Labrador ship's crew will begin tracking information about Arctic whales
Umiak I, which travels the Arctic year-round, uniquely positioned to provide information on whale migration
It usually focuses on transporting ore from Voisey's Bay, but now the Umiak I will add scientific whale research to its duties.
The crew of the Umiak I, one of the largest vessels sailing off the Labrador coast, will help gather scientific data on whales seen on their journeys now that Fednav, the company that owns the ship, has joined a group of whale watchers called the Marine Mammal Observation Network.
"We know that the shipping industry has an impact on the environment in which it operates and we just believe that this is our obligation to carry out sustainable activities and disrupt as little as possible the environment," said Marie-Andrée Giguère of Fednav.
Crew members were trained in Quebec by Green Marine, an environmental certification program, to collect information about the whales. That training included tips on identifying different whale species by characteristics like their size, their blow, their colour, their shape and their behaviour.
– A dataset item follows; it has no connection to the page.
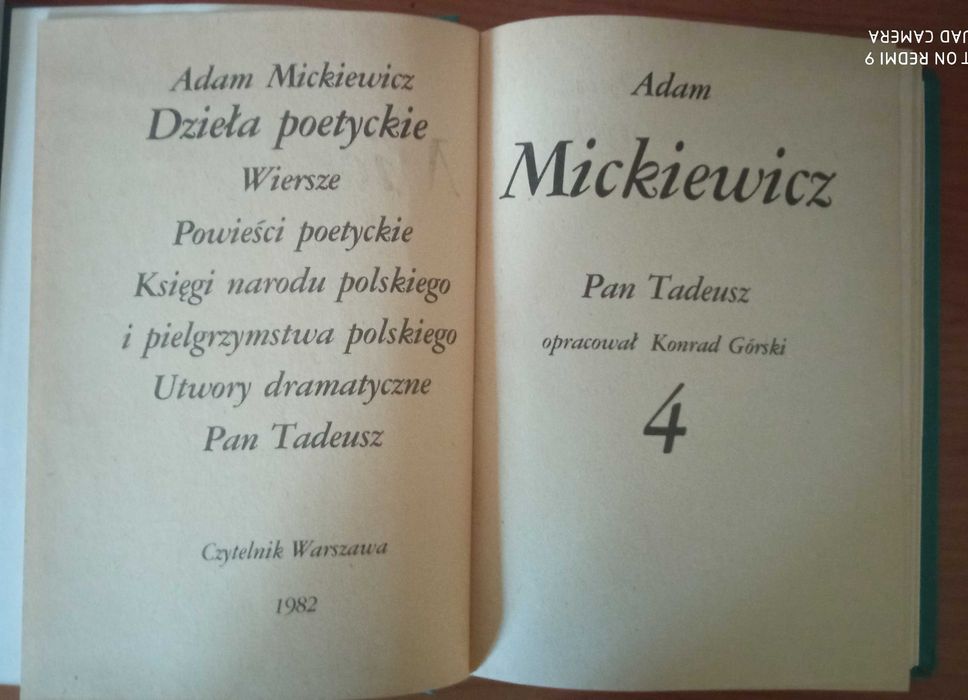 PAN TADEUSZ Adam Mickiewicz (1982 r.)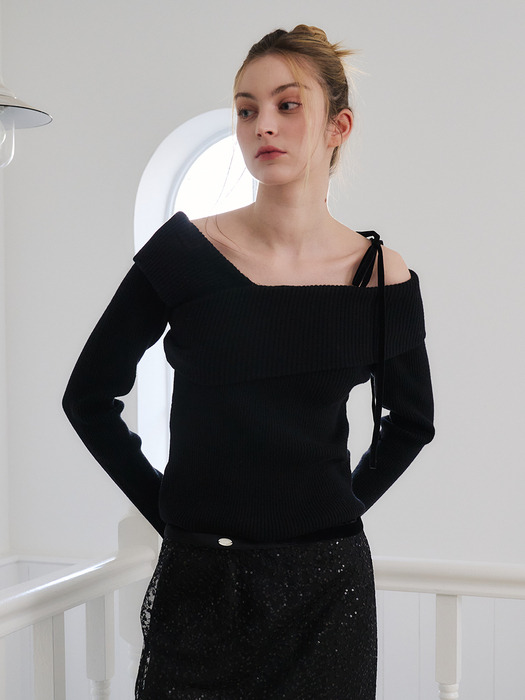 VELVET TIE OFF-SHOULDER KNIT-BLACK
There are 13 types of whales within the waters sailed by the Umiak I, she said.
"We know that they know already a lot about whales, as they sail for years in these waters, but this is more tips," Giguère said.
Can contribute to marine management plans
The information collected by the Umiak I crew will add to the base of knowledge about whale migration by tracking whale populations and patterns.
"The thing is that we don't know a lot about the migration of some whales in the Arctic and the Labrador coast, so all observation will help the NGO, the government to establish a list of sensitive areas if needed," Giguère said.
The Umiak I is uniquely suited to collect that information because it sails in the Arctic or near Arctic year round, and Fednav is the only company with ships doing so, she said.
The research could help companies better understand shipping routes, and how they can be planned for the least impact on whale populations, and contribute to the development of marine management plans, she said.
Meanwhile, Fednav is talking with Green Marine and the Marine Mammal Observation Network about what they can do in the future that might help protect marine life along their shipping routes, Giguère said.
"If we can do more, we will do more."